The questions that vestments raise in the mind of both the wearer and the observer are part of the reason I choose not to wear robes or other formal attire in my Zen practice. I'm a westener and so I dress like a westener, not - I hope - like a westener who's trying to pretend that he's Asian. The traditional color of Zen clothing is black, so out of respect for the tradition I generally will wear black pants and a black shirt; long sleeves in the winter, short in the summer. Wearing black, in addition to being vaguely "cool," also has the added benefit of being slimming.

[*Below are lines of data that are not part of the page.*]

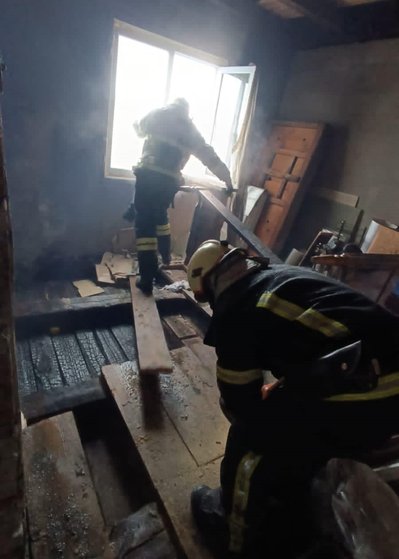 У місті на Волині через коротке замикання сталася пожежа в будинку У місті на Волині через коротке замикання сталася пожежа в будинку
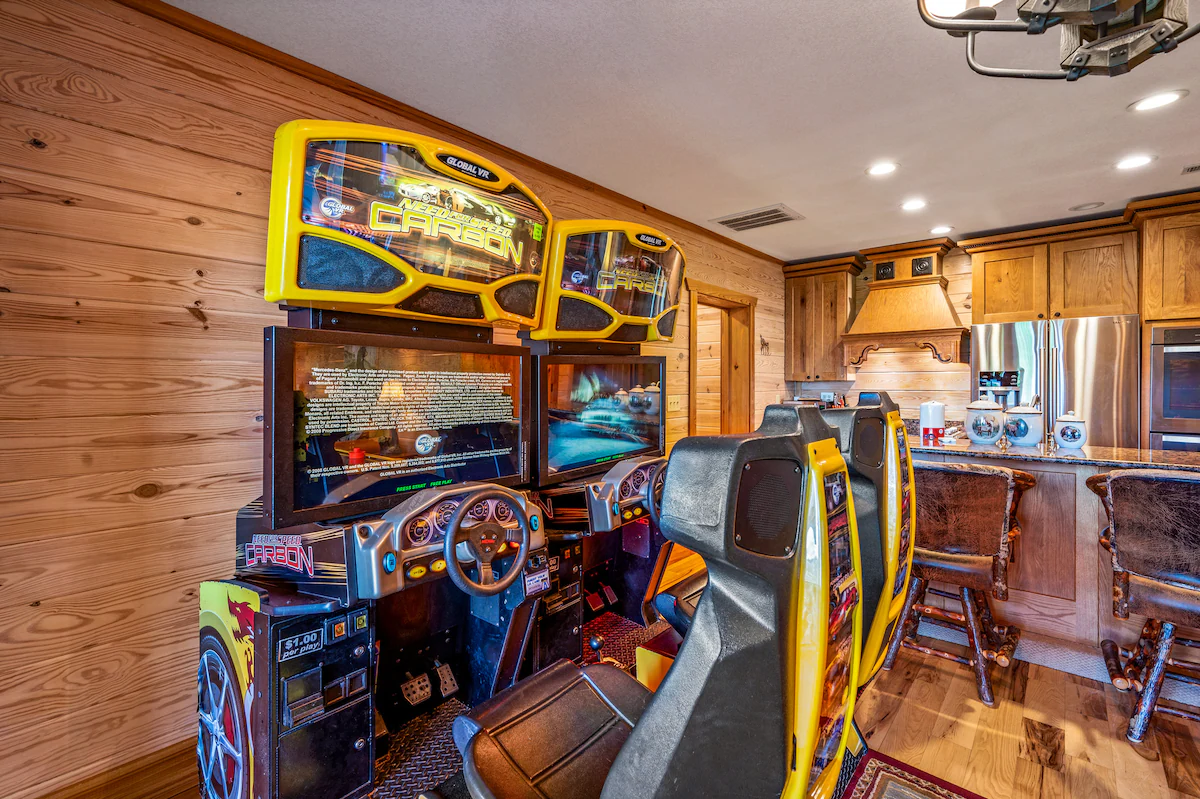 Majestica | Htd Pool | Hot Tub | Arcade Sleeps 28 — photo 5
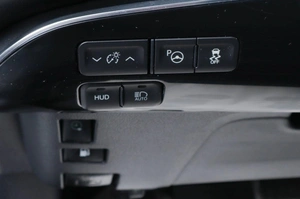 Хетчбэк Toyota Prius PHV 2017 года, 2449000 рублей, Челябинск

My karma has led me to receive the precepts and accept a rakusu as part of the ceremony. During the ceremony, I vowed to treat the garment with respect (as if it were my own eyes) and to wear it when appropriate (and to not wear it when it was inappropriate). I try to honor and maintain that vow, but now with the added wisdom of avoiding vows to wear any of the Emperor's other new clothes. Most of my dharma brothers and sisters haven't followed my example, and I'm fine with that - their choice is their choice, my choice is mine.
There have been times where I've participated in ceremonies or other formal affairs and have been asked to wear a robe as part of the liturgy, and I've agreed - although I've chosen not to wear such things as a matter of habit (no pun intended, sisters), I don't cling dogmatically to my decision. There's no reason to be difficult about such things.
In Shobogenzo Zuimonki, Master Dogen instructs, "If you gradually abandon egocentric mind and follow the sayings of your teacher, you will progress. If you argue back, pretending to know the truth and remain unable to give up certain things and continue to cling to your own preferences, you will sink lower and lower" (Book 1, Chapter 4).
"Egocentric mind" is a translation of goga-no-shin (the mind of ego). In the Gaduka-Yojinshu (Points to Watch in Practicing the Way), Dogen said, "Truly, when you see impermanence, egocentric mind does not arise."
The Indian patriarch Nagarjuna once said that bodhi-mind is the mind that solely sees the impermanence of this world of constant appearance and disappearance.
If, as Nararjuna says, the mind of wisdom (bodhi) is what arises when one sees impermanence and, as Dogen says, the mind of ego is what does not arise, then wisdom is the absence of egocentricity. Put more practically, clinging to what we know, or what we think we know, is what keeps us from wisdom, from actually knowing. It's better to not know.
Perhaps, and it's still unseasonably hot outside.